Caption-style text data
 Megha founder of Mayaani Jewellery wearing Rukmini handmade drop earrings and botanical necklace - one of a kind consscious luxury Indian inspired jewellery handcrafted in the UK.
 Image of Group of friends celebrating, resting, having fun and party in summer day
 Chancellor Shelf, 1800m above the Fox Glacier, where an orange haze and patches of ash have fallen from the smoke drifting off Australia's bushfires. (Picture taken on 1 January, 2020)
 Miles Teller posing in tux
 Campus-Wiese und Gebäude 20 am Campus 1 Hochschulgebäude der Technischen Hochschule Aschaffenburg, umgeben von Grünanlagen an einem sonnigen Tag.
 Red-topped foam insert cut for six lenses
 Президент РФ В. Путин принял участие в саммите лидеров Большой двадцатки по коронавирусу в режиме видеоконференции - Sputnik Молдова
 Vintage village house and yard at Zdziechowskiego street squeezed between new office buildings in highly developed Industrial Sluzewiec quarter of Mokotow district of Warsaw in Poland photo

» Exercise instructions
What you return should be the lines from the start of the data through the line with "Image of Group", quoted exactly and nothing more.

» Written answer
 Megha founder of Mayaani Jewellery wearing Rukmini handmade drop earrings and botanical necklace - one of a kind consscious luxury Indian inspired jewellery handcrafted in the UK.
 Image of Group of friends celebrating, resting, having fun and party in summer day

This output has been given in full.